There were nights when I’d wake up, just as my fingertips were about to brush against the cover of that book (I could never see what it was called; the letters would swirl and change from one moment to the next). In those confused, twilit moments between the dream world and the reawakening of everyday memory, I’d feel unanchored. Thrown up in the air, just become bumping back down. Like I’d slipped the rails at speed, and jumped the points.

In that halfway place, it’s unclear which world is real, and which is just a dream.

It’s painfully easy to tell you that I should have made the other choice. It’s easy because it suits my aspirations now, but more so because I really have learned, by looking within myself for a very long time, that this is the work I’m meant to do.

But time is a chain, forged one link after another, not a collection of isolated, crystalline moments that we can browse and shuffle. There’s no way to pick and choose some parts of each destiny.

Had I made that other choice, I wouldn’t exist – the me who’s writing this for you now. I would never have met my beloved wife, and the mere thought of that is appalling. It’s an abyss that permits no exploration.

You’d probably never have encountered me, and even if you did, … well, I’d be a different person entirely. It’s almost impossible to regret my very self.

But I should have. I should have. I should have.

I should have been a writer all along.

It’s fair to say that I’m preoccupied with alternate paths through life. Ribbons of fate and folly, intertwined with others, woven into tragic, beautiful, but ultimately random patterns that just happen to define this particular moment.

The year 1995 was twenty years ago. Two decades of life whipped by in an instant, just to offer me the chance to reflect on that choice I made – to repent at leisure.

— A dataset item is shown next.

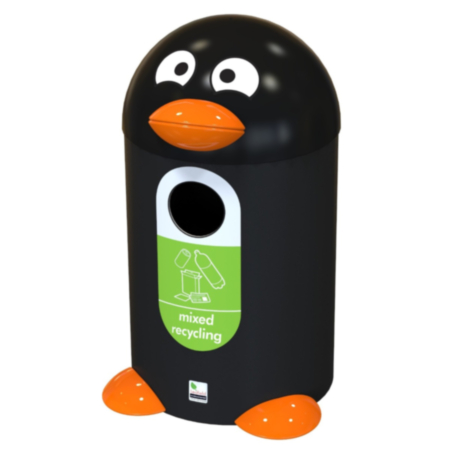 Outdoor Recycled Penguin Aqua Buddy Bin for Playgrounds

The thing is, we’re here again.

That moment, when you made the critical choice that defined your path for the last twenty years? It’s right now. As I sit here in my armchair, and the clock winds towards 9 PM, I’m at that point again. We’re there every moment.

Opportunities have been missed; I won’t try to deny it. Some were mine, and some were yours. Those threads are gone now. Their junctions are long past, uncountable miles behind, with their tracks already ripped up and overgrown.

The opportunities of tomorrow, though, are the ones you’re weighing up now. I’m doing it here, tonight. You’re doing it as you read this, on the impossibly futuristic-sounding date of Monday, the 27th of April, 2015.

The past permits reflection, but never alteration. Maybe you can learn to come to terms with that. I know I can’t, but everyone’s different. Perhaps it doesn’t even matter. But we still have a chance.

When you look back on the past, you can see those forks in the road so clearly. The times when you made a decision about something, that much later turned out to be about everything.

There’ll be a day when you look back at some of the big ones, from your own life. The destiny-changers. You can trace it all back to a handful of those points. If only you knew.

If you knew back then, when the technology was simple, and your body worked so much better, and you still had so much ahead – if you had the foresight, instead of waiting for the useless, melancholy hindsight – well, wouldn’t that be something?

It’d be magical.

Two futures, laid out ahead, and each one available at the mere pull of a lever. Back when the air was cleaner, and the cars mostly let you do the driving. When you could still get a newspaper on paper.

When the dates sounded so impossibly antiquated – like Monday, the 27th of April, 2015.

What I wouldn’t give to have another shot at that day.